Transcribe an audio file with optional chunking for long files.
def transcribe(
    self,
    path: Path | str,
    *,
    dtype: mx.Dtype = mx.bfloat16,
    decoding_config: DecodingConfig = DecodingConfig(),
    chunk_duration: Optional[float] = None,
    overlap_duration: float = 15.0,
    chunk_callback: Optional[Callable] = None,
) -> AlignedResult

Parameters

path
Path | str
required
Path to the audio file. Supports WAV, MP3, FLAC, and other formats supported by audiofile.
dtype
mx.Dtype
default:"mx.bfloat16"
Data type for audio processing. Should match the model’s dtype.
decoding_config
DecodingConfig
default:"DecodingConfig()"
Configuration for decoding behavior and sentence splitting. See DecodingConfig.
chunk_duration
float | None
default:"None"
If provided, splits audio into chunks of this duration (in seconds).
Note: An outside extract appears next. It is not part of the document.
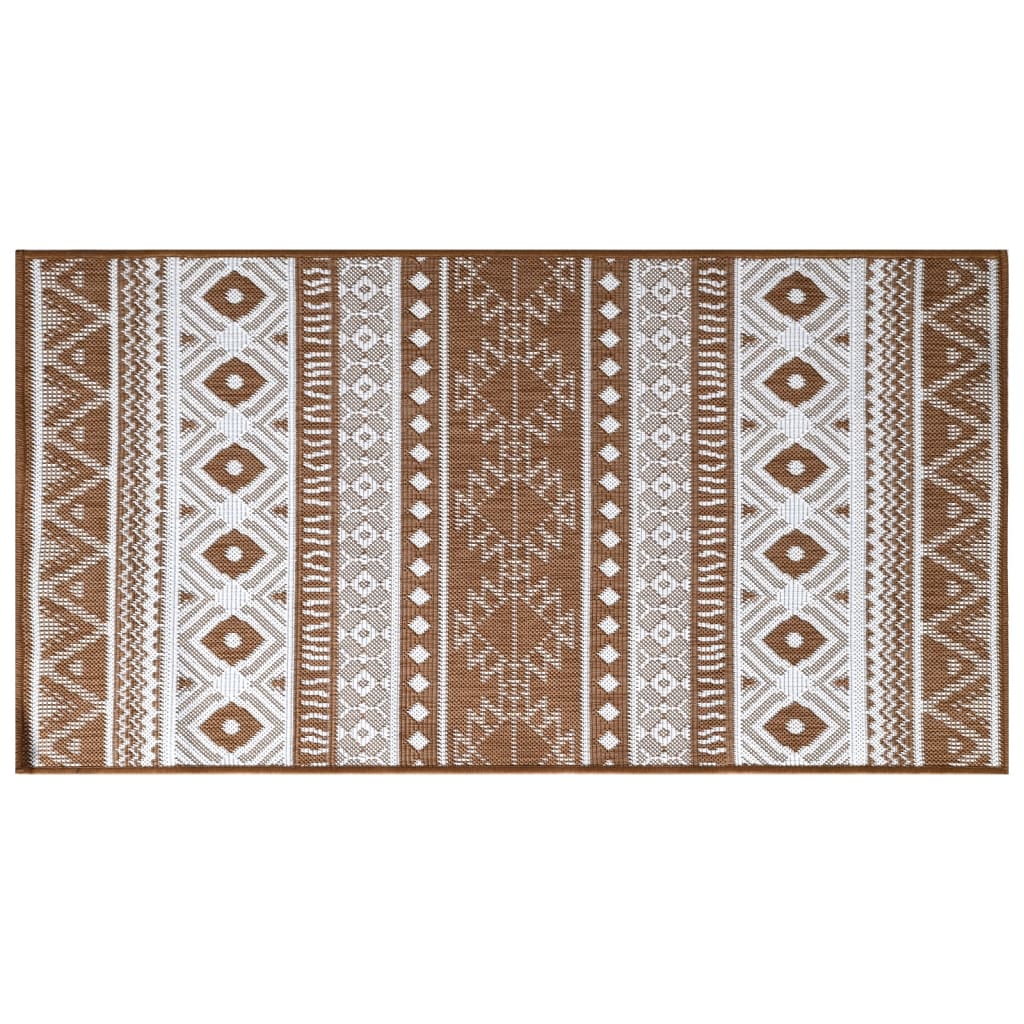 Outdoor Rug Brown and White 80x150 cm Reversible Design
When None, processes the entire file at once.Use chunking for:
  • Very long audio files (> 5 minutes)
  • Memory-constrained environments
  • Processing audio that exceeds available RAM
overlap_duration
float
default:"15.0"
Overlap between consecutive chunks in seconds. Only used when chunk_duration is specified.Higher overlap improves accuracy at chunk boundaries but increases computation time.
chunk_callback
Callable | None
default:"None"
Callback function called after processing each chunk. Receives (current_position, total_length) in samples.Useful for progress tracking:
def progress(current, total):
    percent = (current / total) * 100
    print(f"Progress: {percent:.1f}%")

result = model.transcribe("audio.wav", chunk_callback=progress)

Returns

result
AlignedResult
Transcription result with aligned tokens and sentences. See AlignedResult.

Examples

Basic transcription:
from parakeet_mlx import from_pretrained

model = from_pretrained("mlx-community/parakeet-tdt-0.6b-v3")
result = model.transcribe("interview.wav")

print(result.text)
for sentence in result.sentences:
    print(f"[{sentence.start:.2f}s - {sentence.end:.2f}s] {sentence.text}")
With chunking for long audio:
result = model.transcribe(
    "long_podcast.wav",
    chunk_duration=120.0,  # 2 minute chunks
    overlap_duration=15.0   # 15 second overlap
)
With custom decoding config:
from parakeet_mlx import DecodingConfig, Beam, SentenceConfig

config = DecodingConfig(
    decoding=Beam(beam_size=5, length_penalty=0.013),
    sentence=SentenceConfig(max_words=25, silence_gap=3.0)
)

result = model.transcribe("audio.wav", decoding_config=config)

transcribe_stream()

Create a streaming context for real-time transcription.
def transcribe_stream(
    self,
    context_size: tuple[int, int] = (256, 256),
    depth: int = 1,
    *,
    keep_original_attention: bool = False,
    decoding_config: DecodingConfig = DecodingConfig(),
) -> StreamingParakeet

Parameters

context_size
tuple[int, int]
default:"(256, 256)"
A pair (left_context, right_context) specifying attention context windows in encoder frames.
  • left_context: How many past frames to attend to
  • right_context: How many future frames to attend to (lookahead)
Larger contexts improve accuracy but increase latency and memory usage.
depth
int
default:"1"
Number of encoder layers that preserve exact computation across chunks.
  • depth=1 (default): Only first layer’s cache matches exactly
  • depth=2: First two layers match exactly
  • depth=N: All N layers match (full equivalence to non-streaming)
Higher depth increases accuracy but requires more memory for caching.
keep_original_attention
bool
default:"False"
Whether to preserve the original attention mechanism.
  • False (default): Switches to local attention for streaming
  • True: Keeps original attention (less suitable for streaming)
decoding_config
DecodingConfig
default:"DecodingConfig()"
Configuration for decoding behavior and sentence splitting.

Returns

streamer
StreamingParakeet
A context manager for streaming inference. Use with Python’s with statement.

Examples

Basic streaming:
import mlx.core as mx
from parakeet_mlx import from_pretrained
from parakeet_mlx.audio import load_audio

model = from_pretrained("mlx-community/parakeet-tdt-0.6b-v3")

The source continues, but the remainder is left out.